Così “continuiamo a essere un’anomalia tra i big d’Europa”, ha commentato Francesco Naso, segretario generale di Motus-E. Nel 2022, ad esempio, la Germania ha visto crescere le vendite di auto elettriche del 32% (più di 471mila unità), mentre la Spagna ha registrato un +30% e la Francia un +25%. In Germania la quota delle elettriche sul totale venduto è salita al 18% circa.
La controtendenza italiana si spiega, almeno in parte, con la mancanza di più forti incentivi per acquistare le vetture a batteria. Il nostro Paese anzi continua a incentivare pure gli acquisti di modelli ibridi e di auto con motori endotermici, nella fascia 61-135 grammi di CO2/km, anziché concentrare i bonus statali sui modelli elettrici.
E dalla politica sono sempre arrivati segnali contradditori.
Dietro il paravento della neutralità tecnologica, già il Governo Draghi e ora il Governo Meloni hanno dato spazio ai timori delle filiere industriali, preoccupate di perdere competitività, competenze manifatturiere e posti di lavoro a causa del boom elettrico.
Al contrario, un recente studio mostra che in Italia i posti di lavoro potrebbero aumentare nel loro complesso, e non diminuire, con il passaggio verso una industria automotive sempre più incentrata sulla trazione elettrica e sulla relativa componentistica.
Il mercato italiano rischia però di diventare un mercato di serie B, dove finiranno i veicoli diesel e benzina invenduti altrove, restando ai margini dei piani di sviluppo dei costruttori che maggiormente puntano sulle auto elettriche.
Già si delinea una frattura tra mercati che corrono verso il futuro – con in testa i Paesi del nord Europa – e quelli che invece, come l’Italia, stanno alla finestra.
Dire di no alle auto elettriche è certamente più facile, oltre che più conveniente per ottenere consenso politico immediato, che realizzare una nuova politica industriale.
La Cina però è già pronta a conquistare fette cospicue di mercato con i suoi modelli elettrici a basso costo.

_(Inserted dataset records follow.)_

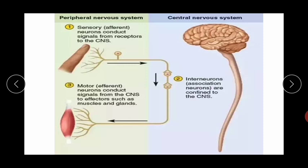Afferent neurons are sensory neurons that conduct signals from receptors in the body to the central nervous system. Efferent neurons conduct signals from the central nervous system to muscles and glands — that is, signals from the brain out to the body.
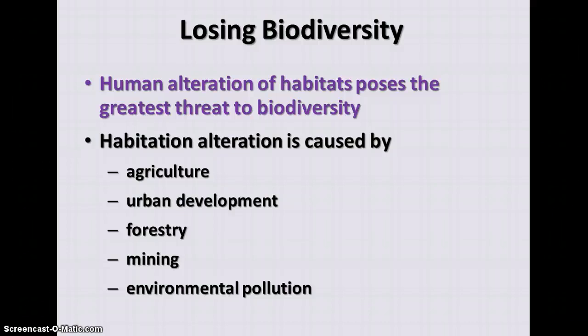When one population of a species in the community is negatively impacted, it can affect the whole community. Whether a species is lost from over-hunting, environmental pollutants, or loss of habitat due to encroachment by other animals including humans, these can definitely impact the ecosystem as a whole.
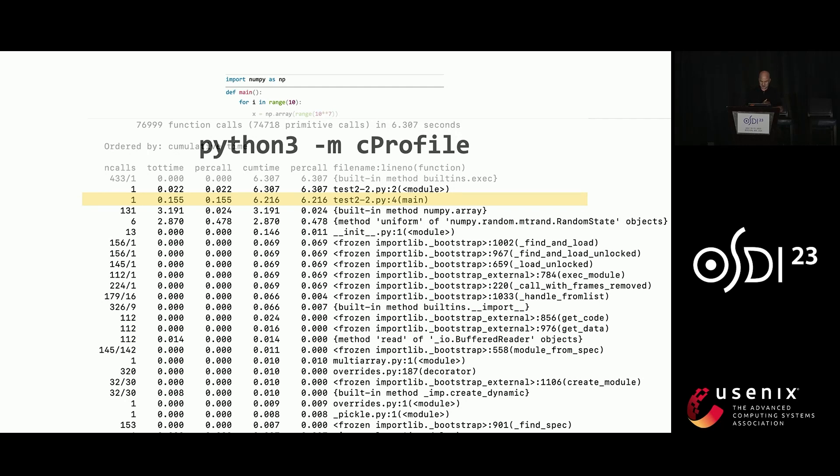Here is a profiler. This is the output of Cprofile, which is the standard Python profiler. It's really not the best. If you look closely, it actually tells you that it's spending all of its time in main, which, okay, good, true, but maybe not very useful.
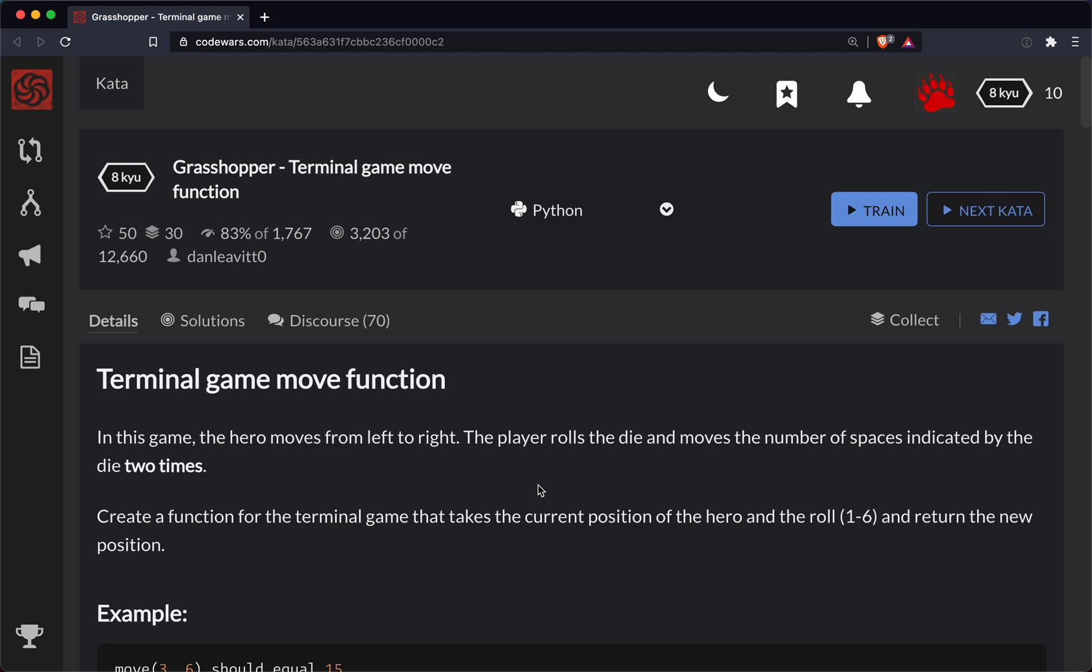Short Bear here with another Code Wars challenge. This one is a level 8 kata and it's in Python, and the name of the game is Grasshopper.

Nel 2025, secondo l’organizzazione ambientalista Transport & Environment (TE), i marchi cinesi potrebbero soddisfare fino al 18% della domanda europea di vetture elettriche
In definitiva, se il mercato automobilistico europeo finirà in mano alla concorrenza cinese, dipenderà, in buona parte, da noi, dalla capacità europea e dei singoli governi nazionali di rispondere alle sfide del nuovo corso industriale.